Additional details for the June conference are given in Joseph Smith’s History: “History, circa June–October 1839 [Draft 1],” p. [14], The Joseph Smith Papers, accessed March 8, 2019, https://www.josephsmithpapers.org/paper-summary/history-circa-june-october-1839-draft-1/14

 

  1.  Richard Lyman Bushman, Joseph Smith, Rough Stone Rolling, 2006 Alfred A. Knopf, page 109

Prominent among historians writing on the topic is Michael Marquardt “An Appraisal of Manchester as Location for the Organization of the Church” Sunstone Feb. 1992

 

  1.  David Stott “Legal Insights into the Organization of the Church in 1830”, BYU Studies 49, no. 2, 2010

 

  1.  Not to say it answers all questions or completes all puzzles, but it does give a WHY to the confusion between Manchester and Fayette.
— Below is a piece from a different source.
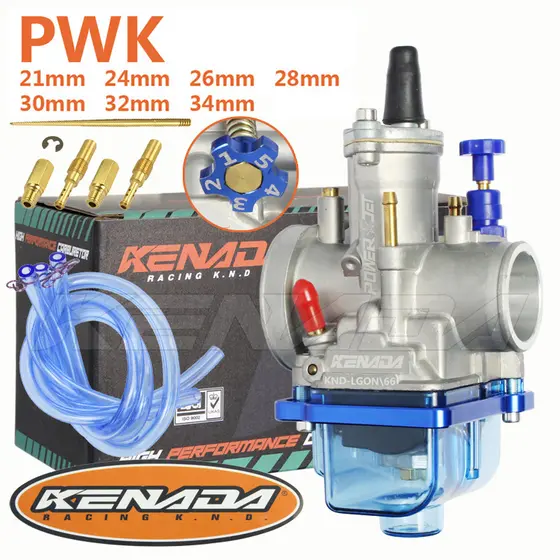 KENADA RACING Carburador Pwk Para Koso Oko Com 100-300cc 24 26 28 30 32 34mmTampa Inferior Azul Transparente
Bryan Westover “Original Members of the 1830 Church of Christ” https://www.millennialstar.org/wp-content/uploads/2019/04/Original-Members-of-the-1830-Church-of-Christ.pdf

Comments

  1. The problem of course is that the official account is Scripture. Is it possible to have Scripture that is factually untrue but purports to be an accurate historical record?

  2. Peter if you’re referencing Section 20 of the Doctrine & Covenants then two items of note:

    1. The Church has revised the headings of the sections many times as the books that contain the books that contain the modern revelations have evolved. The headings are not scriptural but instead explanatory.
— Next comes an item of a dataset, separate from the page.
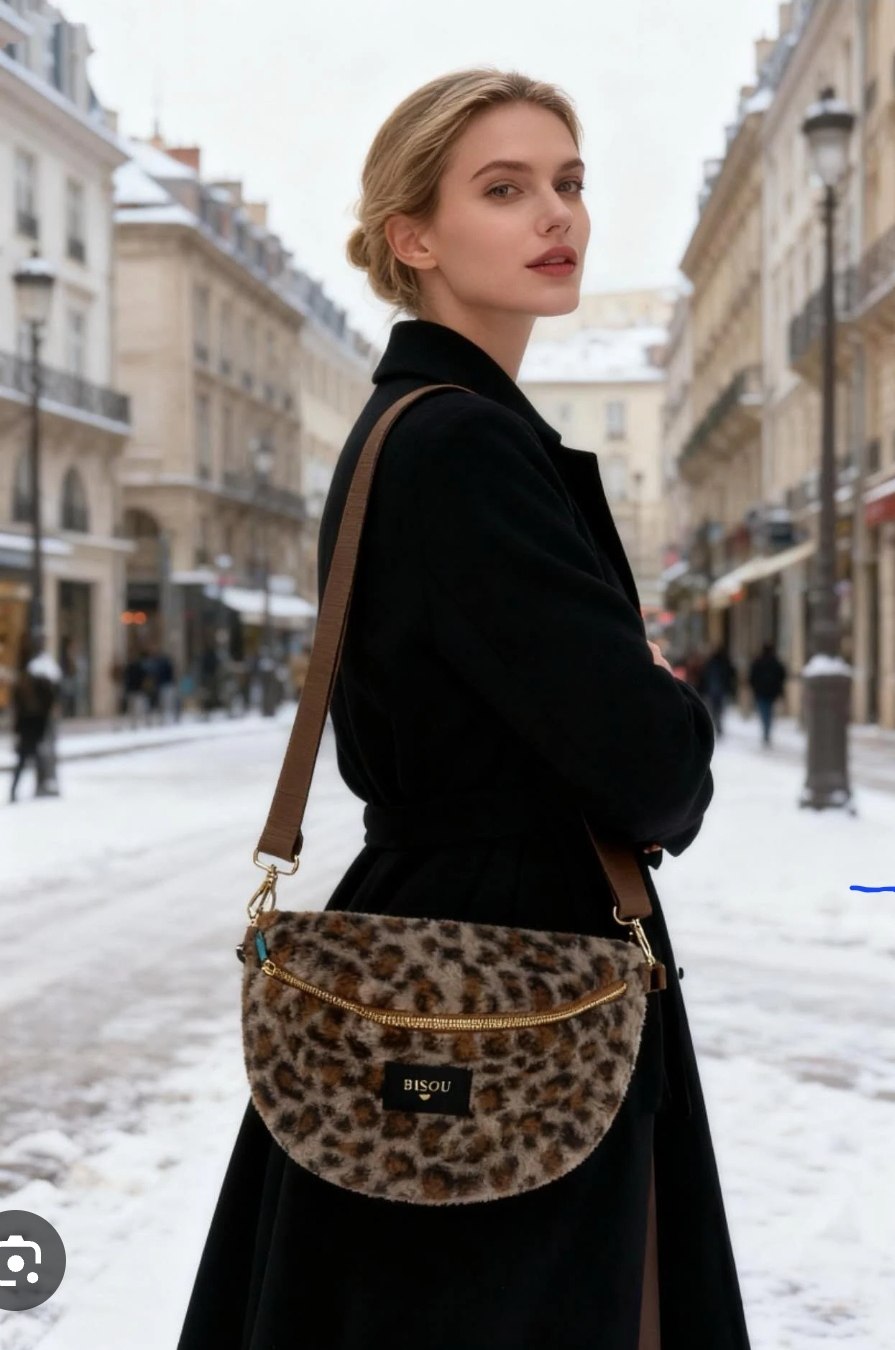 Sac en fausse fourrure léopard BISOU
    2. The statement in of verse 1 explains the organization of the Church certainly but it is unclear as to which event it is speaking to as it does not scripturally establish geographic location. Further, the text is a compilation that appears to have been crafted together in draft form over at least a year between 1829 and 1830, including final additions after the 6 April 1830 date. If you look at the JSPP historical entry it is evident there are questions about timing of when the entry was completed.

    https://www.josephsmithpapers.org/paper-summary/articles-and-covenants-circa-april-1830-dc-20/1#historical-intro

    Further vetting of Bryan’s accounting is certainly called for but this would not be the first time a “well known event” in Church history changes as further exploration of the historical record provides deeper context.
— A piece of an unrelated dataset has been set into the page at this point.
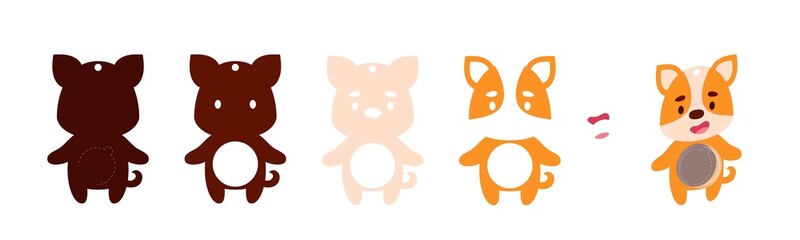 Cute dog candy ornament. Layered paper decoration treat holder for dome. Hanger for sweets, candy for birthday, baby shower, halloween, christmas. Print, cut out, glue. Vector stock illustration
    This is fascinating work Bryan and I look forward to seeing how the deeper evaluation brings further light to our understanding of the events. I love how we are gaining a more lively understanding of our History as our historians examine the records and carefully peel back the layers of sediment.

  3. Peter, no scriptural account that I’m aware of contradicts what Bryan (and Michael Marquardt) have argued here. Do you have something specific in mind?

  4. Kevin Barney says:

    Elder Eyring just recited the traditional account of the organization over the GC pulpit.

  5. Bryan Westover says:

    Yes Kevin, I was waiting for someone to mention the organization today. I wouldn’t expect him to know or say any different. The book Saints puts a number of 40 at the Whitmer home, I consider that an update, President Eyring said 50, as the older manuals read. As they say old habits and traditions die hard. I would expect to still hear some of the traditional account even if there was a Gospel Topics essay making clarifications. In my mind a first meeting in Fayette would have produced more than six original members. There would have been a minimum of seven, but the Whitmer family members, Book of Mormon witnesses, who were baptized on April 11th would have been baptized at the first opportunity.

  6. jonovitch says:

    This is fascinating but my brain today isn’t letting me make sense of the details. Can you give me a clean, concise, bulleted list with just date, location, number of people, and other pertinent information? Thanks! :)

  7. Bryan Westover says:

    Hi Jonovitch, you can find a list of the first baptisms in order on about page 4 here: https://www.millennialstar.org/wp-content/uploads/2019/04/Original-Members-of-the-1830-Church-of-Christ.pdf
    The confirmations, or first members of the Church, as I see them are:

    April 6 in Manchester: (original six members, first 4 previously baptized)
    Joseph Smith
    Oliver Cowdery
    Samuel Smith
    Hyrum Smith
    Joseph Smith Sr.
    Martin Harris

    April 8 or 9 in Manchester: (total up to 8)
    Lucy Mack Smith
    Sarah Witt Rockwell

    April 11 in Fayette: (brings total to 18, BoM witnesses, first 3 previously baptized)
    David Whitmer
    Peter Whitmer Jr.
    John Whitmer
    Hiram Page
    Catherine Whitmer Page
    Christian Whitmer
    Anne Schott Whitmer
    Jacob Whitmer
    Elizabeth Schott Whitmer
    Mary Page

  8. Gotcha, thanks! So to sum up:

    The first meeting on April 6, with the original six members, was in Manchester (not Fayette, and not with lots of people, passing the sacrament, ordinations, etc.).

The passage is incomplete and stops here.